Honestly that sound like something i have to try asap lol


----------



## Charles (Aug 26, 2010)

Congratulations BUNS!!! Just goes to show how much time you are wasting ...

I am thinking about a stunt ... will get back to you ...

Cheers ...... Charles


----------



## SHTF Slingshots (Feb 4, 2013)

Same as Hrawk, but instead of shots, you have to eat a bug when miss.
Not sure if I feel that is good enough.


----------



## Charles (Aug 26, 2010)

O.K. Buns ... Here is your challenge. I seem to recall that you have a new dog. So to begin with, you have to collect half a dozen juicy dog turds (that's six, in case you were subjected to the "new math" in school). If you do not have a dog yourself, then you have to go to a park or somewhere and collect them. You cannot use turds that are dried out, nor can you freeze them.
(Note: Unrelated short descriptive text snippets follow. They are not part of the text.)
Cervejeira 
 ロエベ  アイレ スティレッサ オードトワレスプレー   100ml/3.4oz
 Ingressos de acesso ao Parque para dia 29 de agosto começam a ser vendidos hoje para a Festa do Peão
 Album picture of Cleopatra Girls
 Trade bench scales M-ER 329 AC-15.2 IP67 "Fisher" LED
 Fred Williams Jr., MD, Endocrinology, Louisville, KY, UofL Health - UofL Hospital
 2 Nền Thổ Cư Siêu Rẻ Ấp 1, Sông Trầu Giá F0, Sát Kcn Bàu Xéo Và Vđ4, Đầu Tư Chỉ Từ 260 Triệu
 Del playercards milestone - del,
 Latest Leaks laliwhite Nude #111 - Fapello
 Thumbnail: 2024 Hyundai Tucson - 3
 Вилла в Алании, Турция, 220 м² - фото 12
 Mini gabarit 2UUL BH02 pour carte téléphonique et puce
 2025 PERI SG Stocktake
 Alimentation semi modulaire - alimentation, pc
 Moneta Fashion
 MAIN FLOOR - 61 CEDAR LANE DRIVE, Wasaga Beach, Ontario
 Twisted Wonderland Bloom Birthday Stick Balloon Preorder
If you have to collect over a couple of days, you can store them in an air tight container in the fridge.

On the appointed day, you have to set up a soda can at 5 meters and shoot those turds one at a time at the can ... bareback style!!! No fork! No gloves ... barehanded. And no, you cannot wrap the turds in anything ... the turds must be bare when you shoot them at the can. The turds are the ammo ... the can is the target.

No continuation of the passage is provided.